There is an object carrying an addition operation which deserves to be called the "abstract addition map on all $R$-modules," but it is not a group scheme; instead it is just the forgetful functor $F : \text{Mod}(R) \to \text{Ab}$ from $R$-modules to abelian groups (while $\mathbb{G}_{a, R}$ was the forgetful functor from $R$-algebras to abelian groups). In the same way that a group scheme is a group object in the category of schemes, this functor $F$ is an abelian group object in the category of functors $\text{Mod}(R) \to \text{Set}$.

Now we can again ask: what is $\text{End}(F)$? An endomorphism of the functor $F$ is, similar to the above, a natural family of endomorphisms $f_M : M \to M$, but now defined on all $R$-modules.
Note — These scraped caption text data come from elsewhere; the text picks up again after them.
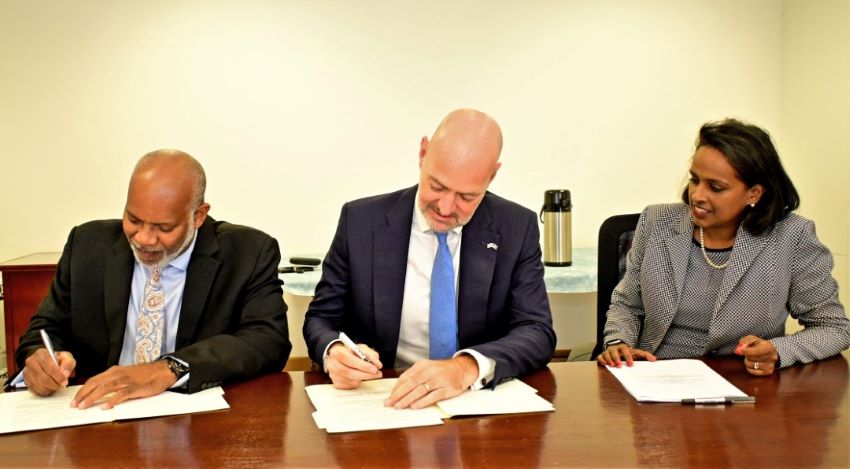 Barbados & UK Sign Historic Asset Sharing Agreement
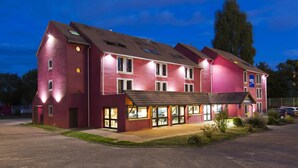 Front of property - evening/night - Hotel Eden (Woippy)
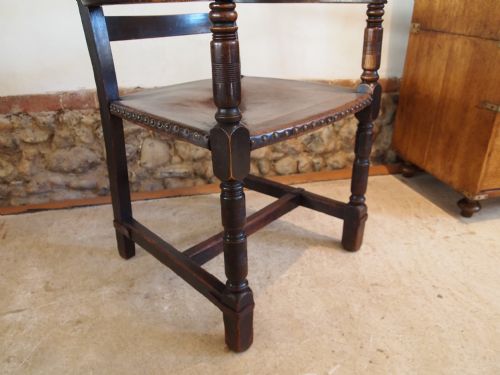 fig 2. Chair Arts and Crafts Oak and Leather manner of William Birch for Liberty c1900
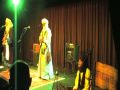 Bekijk muziek clip van Tinariwen met Bismillah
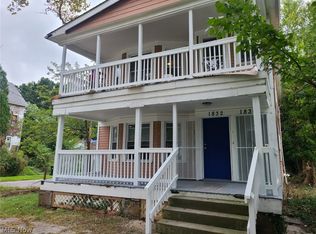 1830 Mannering Rd, Cleveland, OH 44112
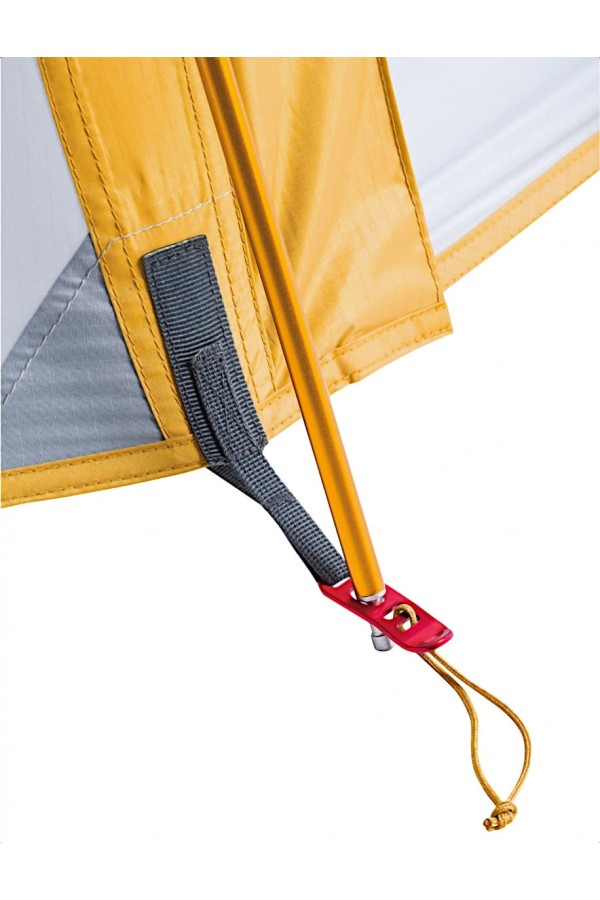 FERRINO LIGHTENT 2 PRO - Couleur grise : Zoom sur fixation de arceaux - Ferrino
There is again an "obvious" choice given by scalar multiplication by $r \in R$, which again gives an inclusion $R \to \text{End}(F)$.

This time, this inclusion is always an isomorphism, for an arbitrary base ring $R$ (not necessarily commutative). This follows from the fact that $F$ is representable, by the free module $R$ on one generator, together with the Yoneda lemma again.

Going back to algebraic geometry, the conclusion I draw from all this is that the additive group scheme $\mathbb{G}_{a, R}$ is not an abstraction of the addition on arbitrary $R$-modules; it is really an abstraction of the addition on $R$-algebras specifically. Other group schemes have functors of points which make clearer use of the multiplication on $R$-algebras, such as the multiplicative group scheme

$$\mathbb{G}_{m, R}(S) = (S^{\times}, \cdot).$$

Also it is possible to understand arbitrary formal groups in this language but their functor of points are a bit more annoying to describe; I think one way to do it is to only define the functor of points on nilpotents.